NASHUA – Nashua area families, among the millions nationwide impacted by immigrant deportations over the past four years, are invited to share their experiences at St. Aloysius of Gonzaga Parish this Saturday as part of a “Keeping Families Together” bus tour, put on by a Massachusetts advocacy group.
The tour, part of the Fair Immigration Reform Movement launched in December 2012, aims to empower individuals whose families have been “splintered by our broken immigration system,” according to a press release.
The Fair Immigration Reform Movement is a national coalition of grass-roots organizations fighting for immigration reform at the local, state and federal level in 30 states.
The “Keeping Families Together” bus tour will visit 90 cities in 29 states to push for immigration reform to keep families together, as families and individuals share stories of family separation.
“It’s definitely an issue in Nashua,” said Janeth Orozco, a Nashua resident and interning project manager with Massachusetts Immigrant & Refugee Advocacy Coalition.
For part of New England’s leg of the tour, the bus will stop in Nashua at 10 a.m.
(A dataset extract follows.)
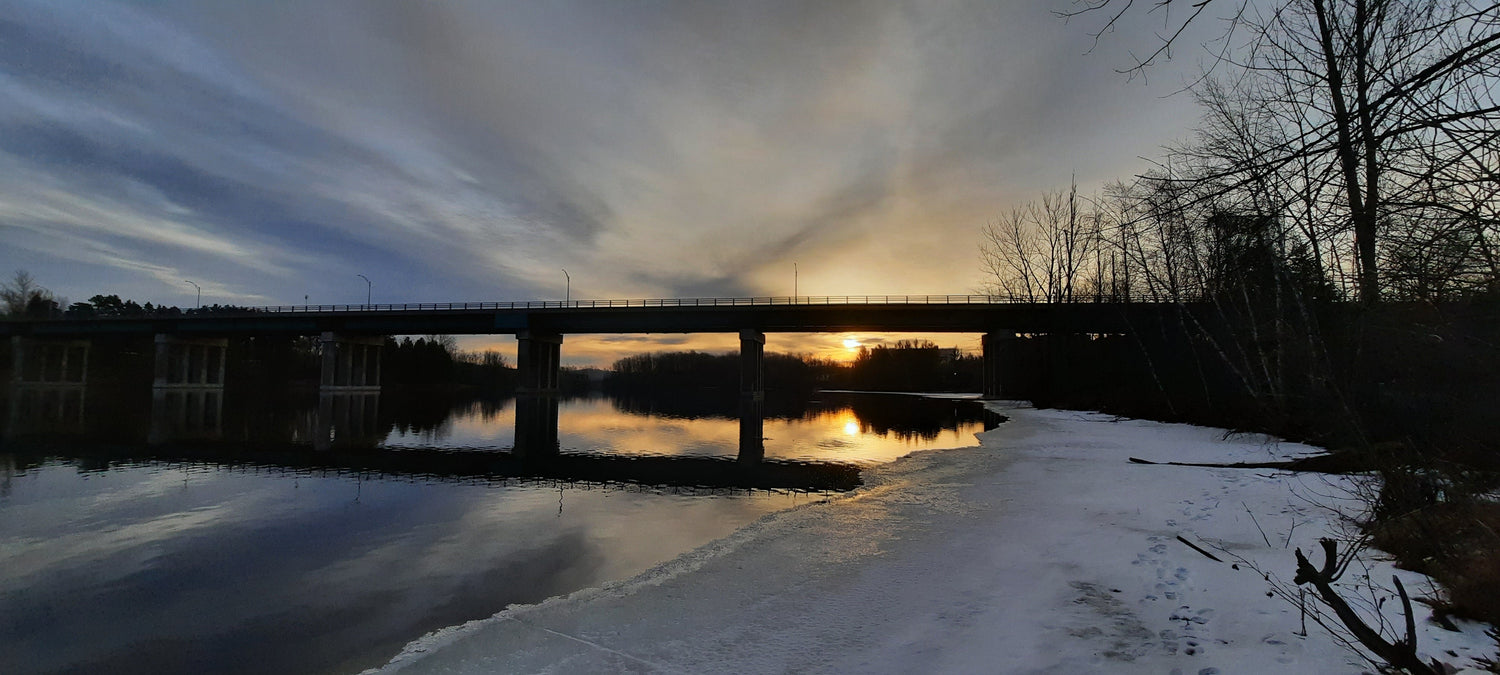 2022-04-03 (Vue T1) Le Soleil Et Le Pont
Saturday, aiming to advocate for citizenship for undocumented immigrants, to restore family unity in immigration law and to unite immigrant families.
The tour, which will continue across New England in Massachusetts, Connecticut and Rhode Island, gives families a chance to share their stories and to organize with others with similar experiences.
“MIRA has come to the town in Nashua and spoken to people about their immigrant rights,” Orozco said. “It’s more like people are highlighting how they’ve been affected by splitting the family, by having one or both parents being removed.”
Nashua families living with undocumented immigrants have suffered from not knowing their rights when the local police comes to visit, Orozco said.
“Because they don’t know their rights, that they shouldn’t open the door, once they open the door, they kind of surrendered their rights and have to comply with ICE,” Orozco said.